Dann antwortete er auf Russisch: »Guten Morgen, ich heiße Thomas. Und wie heißt du?«

»Dobroje Utro, menja sowut Thomas. Kak sowut tebija?«

»Wie? Nichts verstanden, du kommst wohl nicht von hier?«, sagte das Mädchen.

Thomas hob hilflos die Schultern und raste auch schon mit seinem Traktor davon, bevor das Mädchen noch etwas erwidern konnte.

»Tatütata, tatütata.«

Sandra bog in die nächste Straße ein, dort lag ihre Schule. Ihre Mitschülerinnen standen bereits vor der Eingangstür, denn es hatte schon geschellt.

Sandra hatte einen schweren Schultag vor sich. Heute würden sie eine Rechenarbeit schreiben, und sie hatte das Gefühl, die Aufgaben noch nicht zu beherrschen. Außerdem hatte sie Angst, Dominik zu begegnen, weil die KlassenkameradInnen sie immer mit ihm aufzogen. Sie sagten, sie sei in ihn verliebt. Und das Schlimmste war, sie hatten Recht. Doch als alle auf ihren Plätzen saßen, stellte sie erleichtert fest, dass Dominiks Platz leer blieb. »Entweder ist er krank, oder er hat nicht genügend für die Rechenarbeit gelernt«, dachte Sandra. Mit feierlicher Miene verteilte Frau Schmitz das Aufgabenblatt und sorgte dafür, dass nichts mehr auf den Bänken lag. Die Schülerinnen und Schüler saßen jetzt mucksmäuschenstill auf ihren Plätzen. Alle brüteten über ihrer Arbeit.

Als es dann endlich zur Pause klingelte, liefen die Kinder mit lautem Getöse aus dem Klassenzimmer; die Anspannung fiel von ihnen ab.

Sandra trat auf den Schulhof und sah in einer Ecke eine Ansammlung von Schülern. Dort musste etwas passiert sein. Sie zwängte sich durch die Menge. Da erkannte sie den kleinen Thomas, der sich mit einem Erstklässler prügelte. Die anderen feuerten ihren Mitschüler an. Thomas blutete schon am Kinn, als sie dazwischenkam und schrie: »Lass ihn los, was fällt Dir ein, ich kenne ihn, lass ihn los! Du bist ganz schön feige, dich an einem Jüngeren zu vergreifen, der noch nicht mal in die Schule geht.«

Sandra, die den Erstklässler um einen ganzen Kopf überragte, hielt jetzt links den Jungen ihrer Schule am Kragen und rechts Thomas.

»Der da hat angefangen, dieser Ausländer«, schrie der Erstklässler empört. »Dabei wollte ich nur mal auf seinem Traktor fahren, und sofort hat er mich geschlagen.«

Thomas befreite sich aus ihrem Griff, hob heulend seinen Traktor auf, setzte sich darauf und fuhr davon.

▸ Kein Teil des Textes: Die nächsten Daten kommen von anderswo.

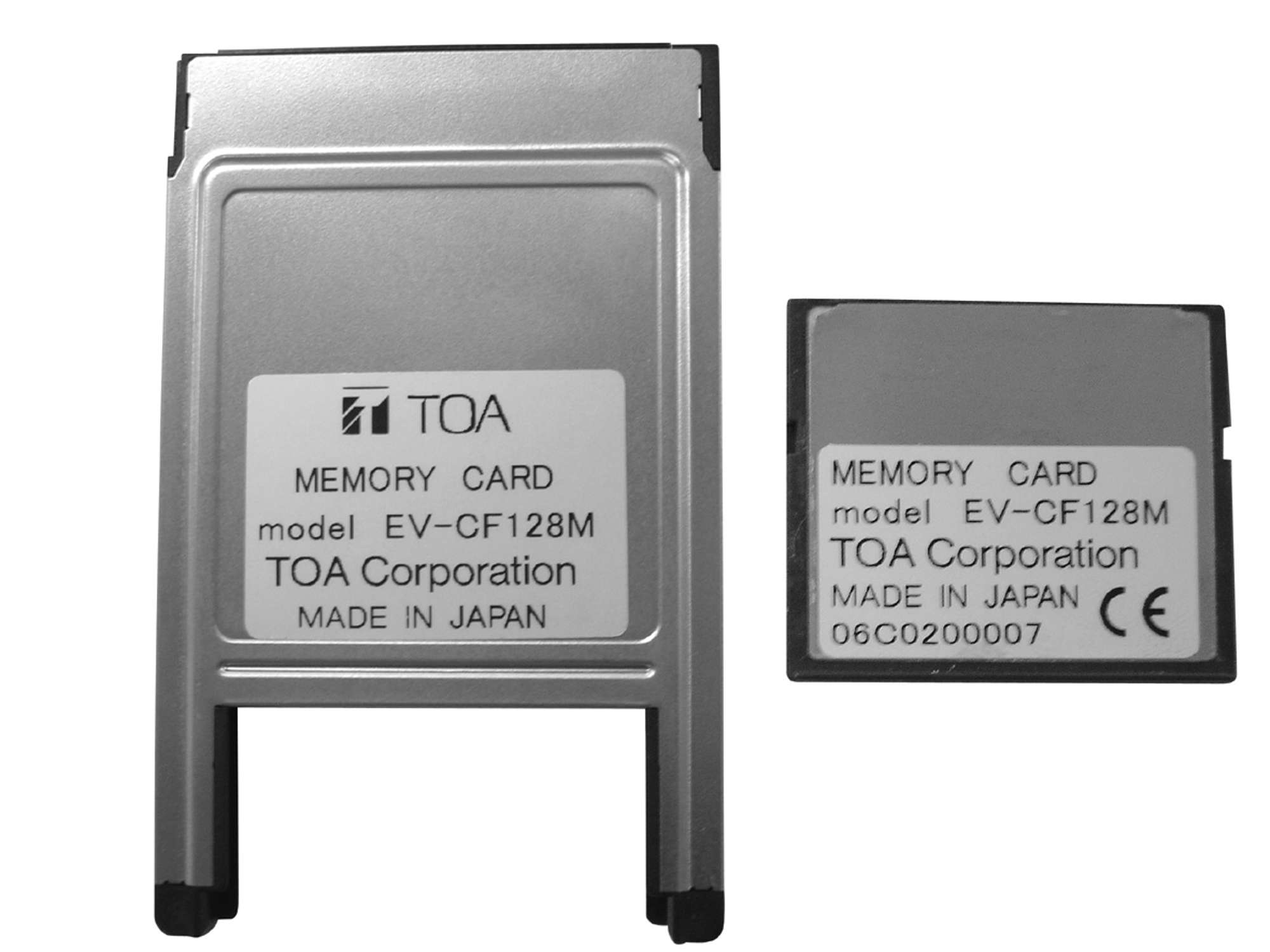 Memory Card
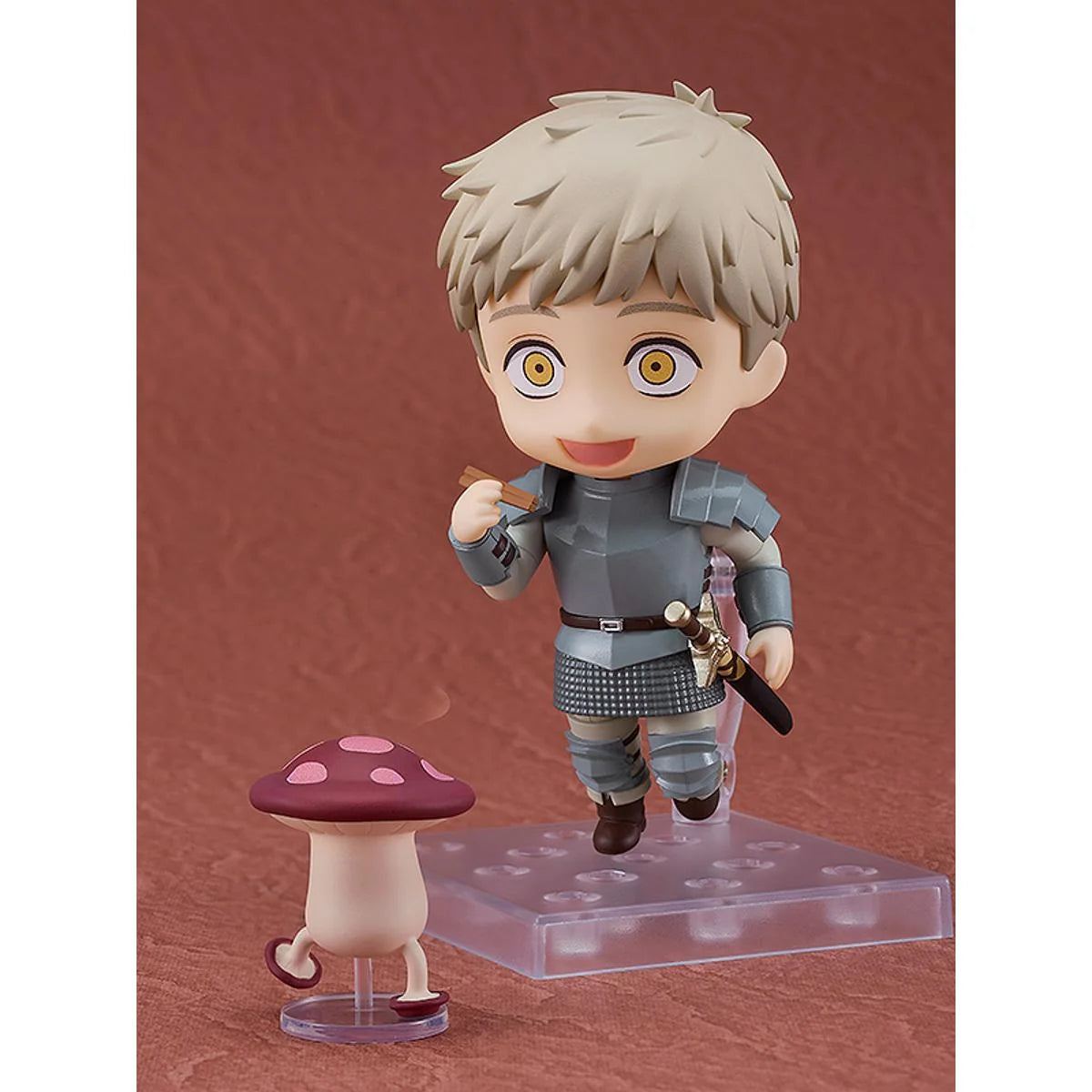Delicious in Dungeon - Laios Nendoroid Good Smile Company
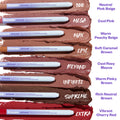 Information related to Kosas Hotliner Hyaluronic Acid Contouring Lip Liner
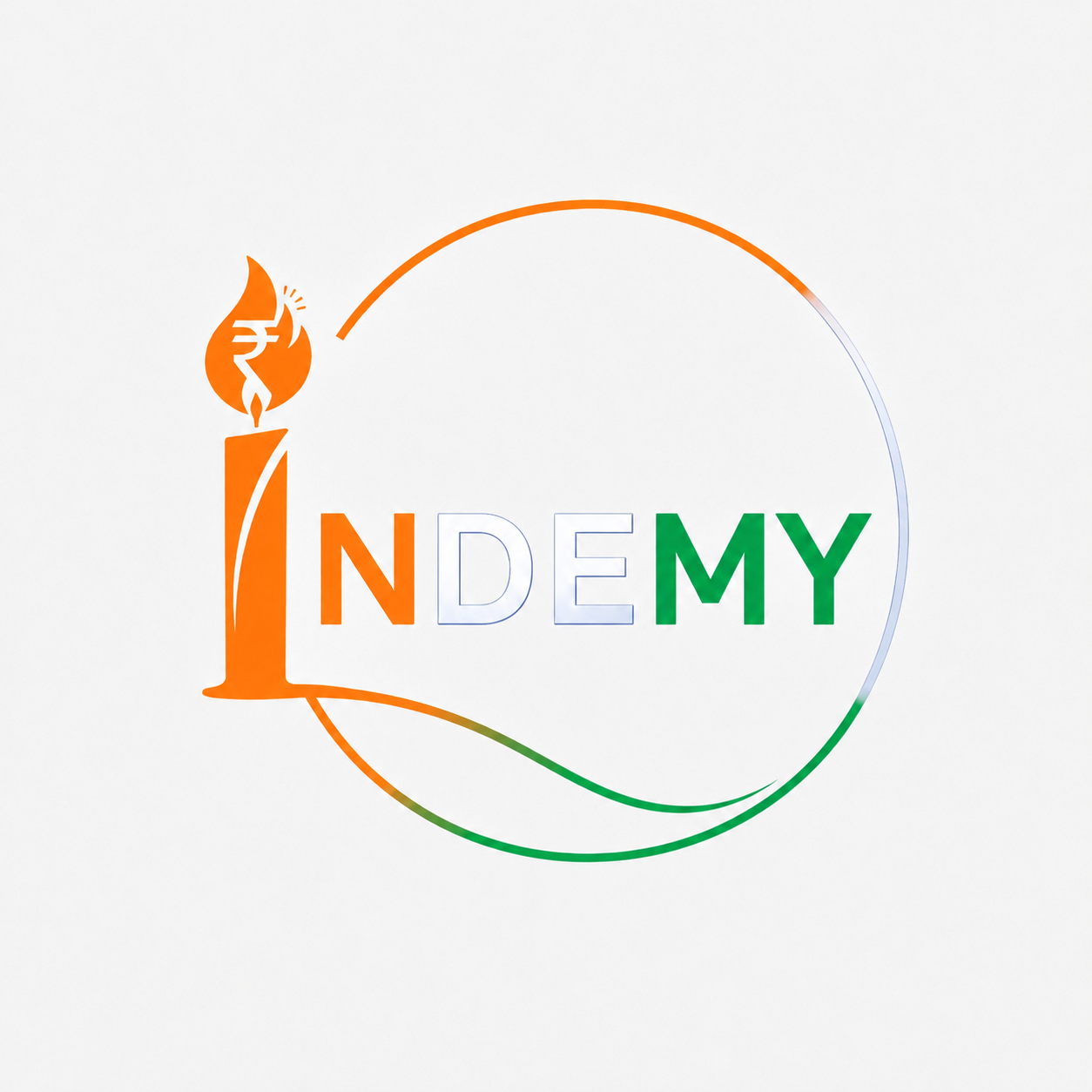 indemy logo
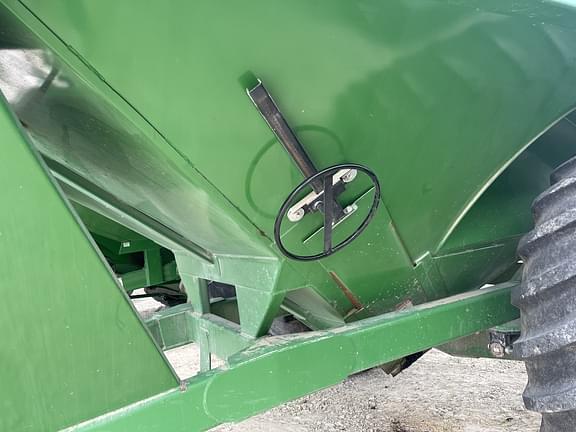 Image of J&M 1051 equipment image 1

Mittags sah Sandra ihn schon von weitem, als sie durch seine Straße nach Hause ging. Diesmal schien er auf sie gewartet zu haben. Er hielt mit seinen kleinen schmutzigen Fingern drei Margeritenblümchen in der Hand und strampelte mit seinem Traktor wie wild auf sie zu.